= AIM OF THE TASK =
Output each line exactly as written, from the first line of the records to the line bearing "Grace, what time", inclusive, while leaving every picture out.

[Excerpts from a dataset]
-----
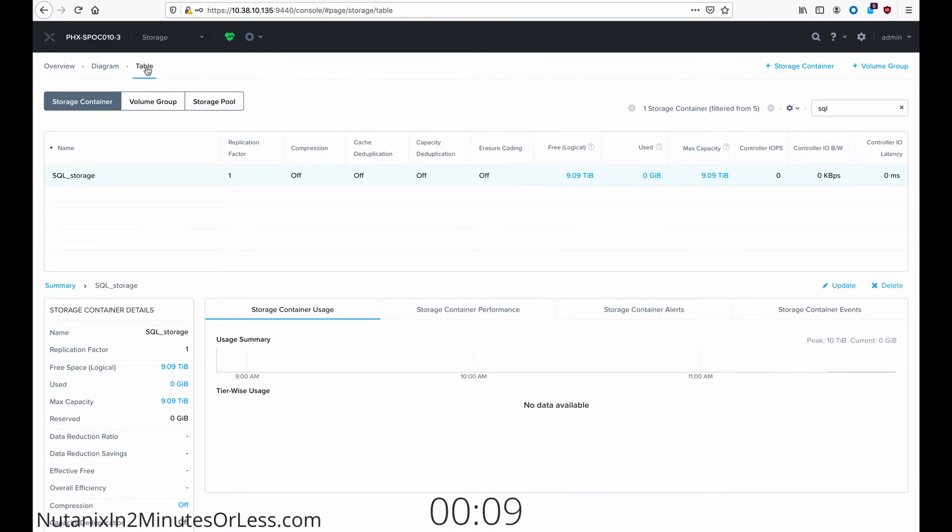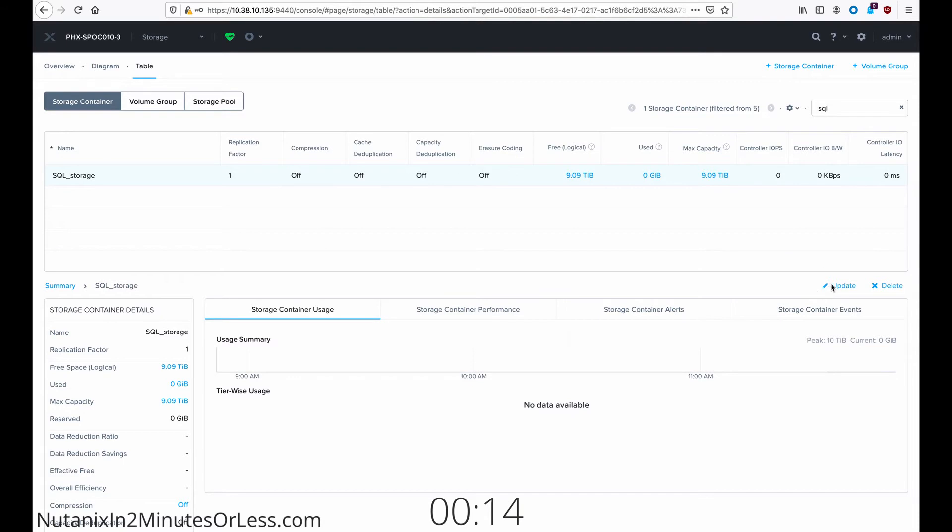Go to the table view and select your storage container. On the middle right side of your screen, select Update.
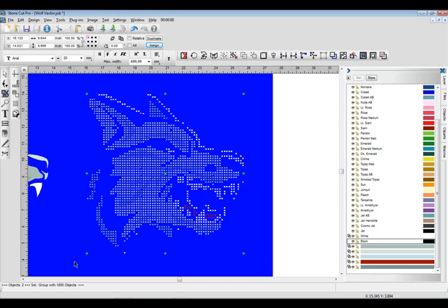The whole thing about this feature is you have to play. You have to go in, experiment with the settings, try different values, try different colors, try different stone counts. You can mix sizes and colors from the object list. Some of the object lists have a combination of SS6s and SS10s. And so you can create some very dynamic effects.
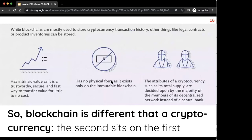One key point: blockchain can very easily be confused with cryptocurrency, but they are not the same. You can attach different things to a blockchain — not only virtual coins, but things from the real world. You can tokenize real-world things and put them in this kind of network, and also put information as you would in a traditional database. The important point is that cryptocurrency essentially sits on top of a blockchain.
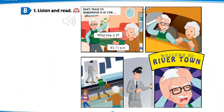Grace, what time is it? It's half-past 2. Phew. Okay. There's the train. What time is it? It's 3 o'clock. Okay. Goodbye.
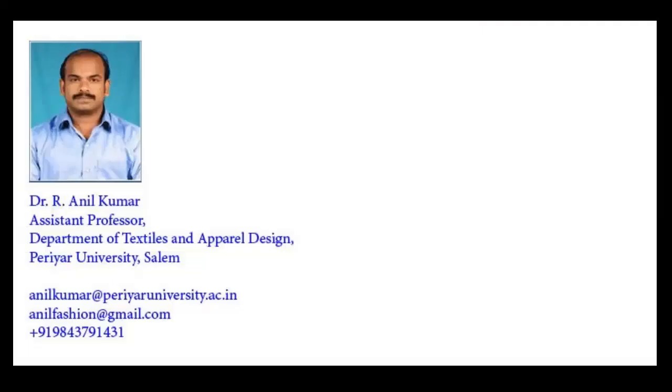Thank you all for listening to me. I will again come to you with another useful session on textile design. Till then, this is Dr. R. Anil Kumar, Assistant Professor in Textiles and Apparel Design, Periyar University, Salem, India. Bye bye.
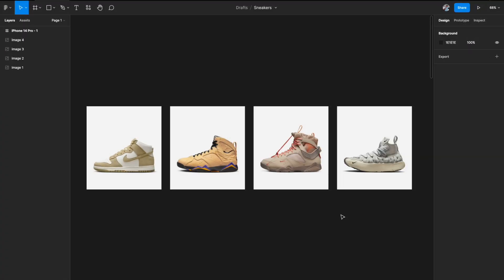So we are in Figma right now and we are going to build a fancy sneaker app. Go to Nike's website and pull up the images of sneakers you like. I have pulled up four images for now — you can pull as many as you want.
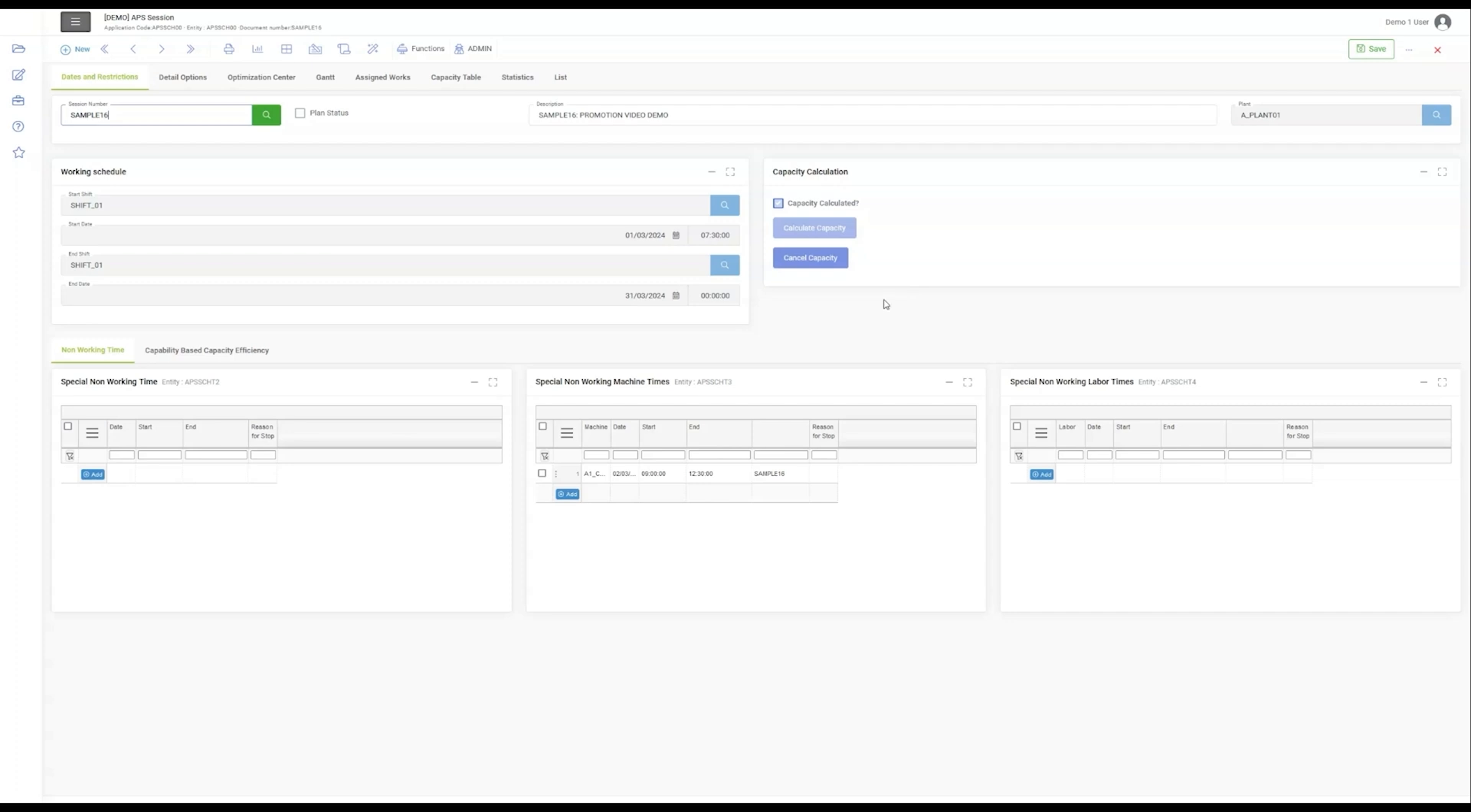With the Plan Status, Start Shift, and End Shift columns, the dynamic production mode comes into view, providing insights into operational status and active shifts.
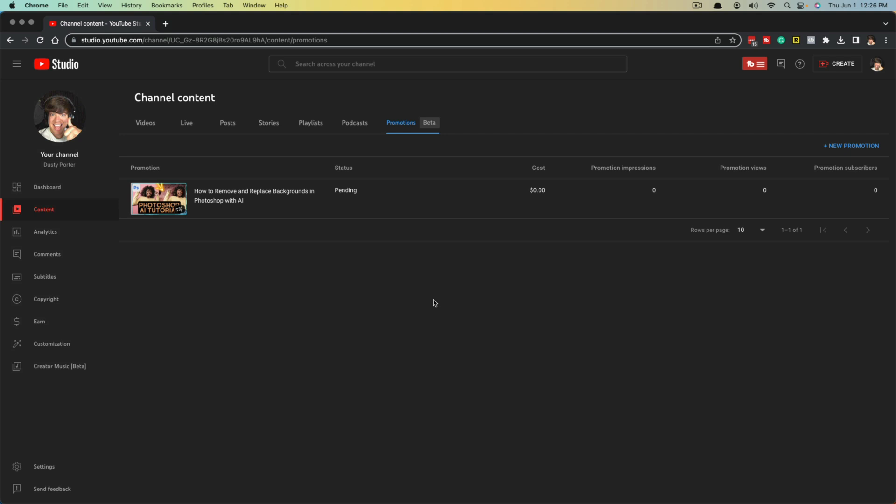So that's everything you need to know about the Promotions tab and running video ads within YouTube. You want to make sure you're titling it something very catchy, something eye-catching for the thumbnail, and make sure you're targeting it to the appropriate people. If you have any questions, please put those in the comment section below. If this helps you out, don't forget to like, share, and subscribe — I'll see you guys in the next video.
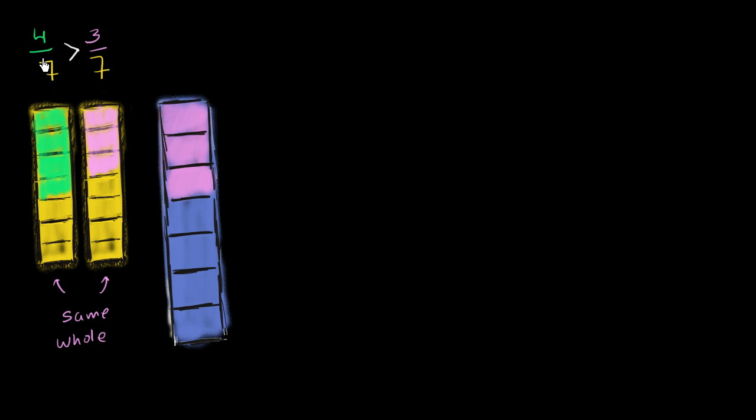You can't compare 4/7 of a mouse to 3/7 of an elephant. Those are two different things. You cannot make that comparison. You could compare 4/7 of a mouse to 3/7 of that same mouse, or a mouse the same size. Then you could make the comparison.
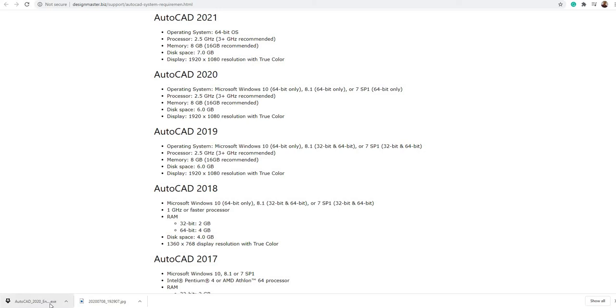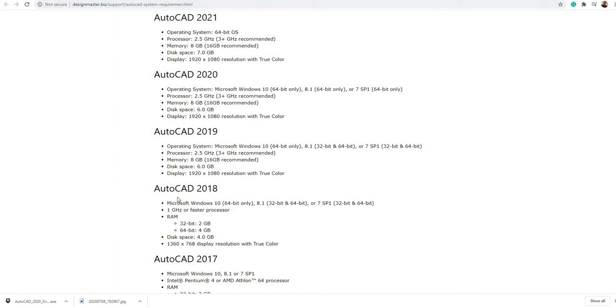Hi, I'm James Aguilar. In this video we're going to compare the different system requirements of AutoCAD 2018, 2019, 2020, and 2021 versions. This review is limited to the operating system,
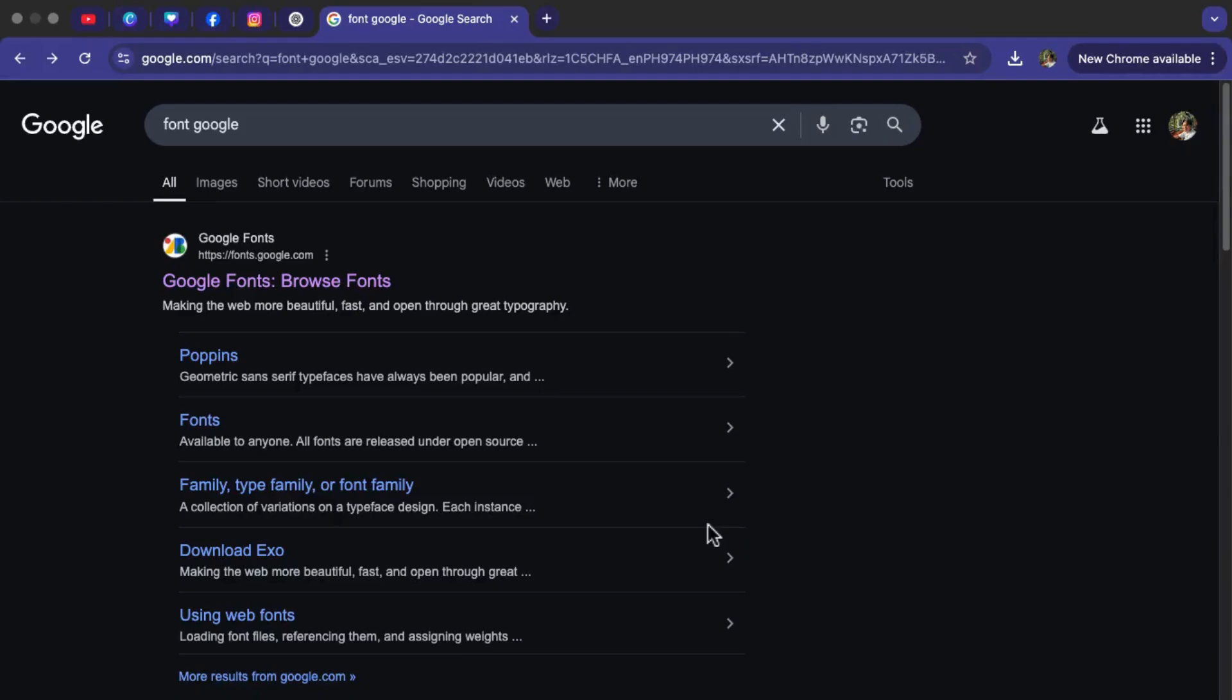Hey everyone, today I'm going to show you how to change the font in Roblox. The first thing that we need to do is download the font that we want to use. Open your Chrome app and search for Google Fonts.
-----
= OUTPUT FOR THIS TASK =
Go to the table view and select your storage container. On the middle right side of your screen, select Update.
The whole thing about this feature is you have to play. You have to go in, experiment with the settings, try different values, try different colors, try different stone counts. You can mix sizes and colors from the object list. Some of the object lists have a combination of SS6s and SS10s. And so you can create some very dynamic effects.
One key point: blockchain can very easily be confused with cryptocurrency, but they are not the same. You can attach different things to a blockchain — not only virtual coins, but things from the real world. You can tokenize real-world things and put them in this kind of network, and also put information as you would in a traditional database. The important point is that cryptocurrency essentially sits on top of a blockchain.
Grace, what time is it? It's half-past 2. Phew. Okay. There's the train. What time is it? It's 3 o'clock. Okay. Goodbye.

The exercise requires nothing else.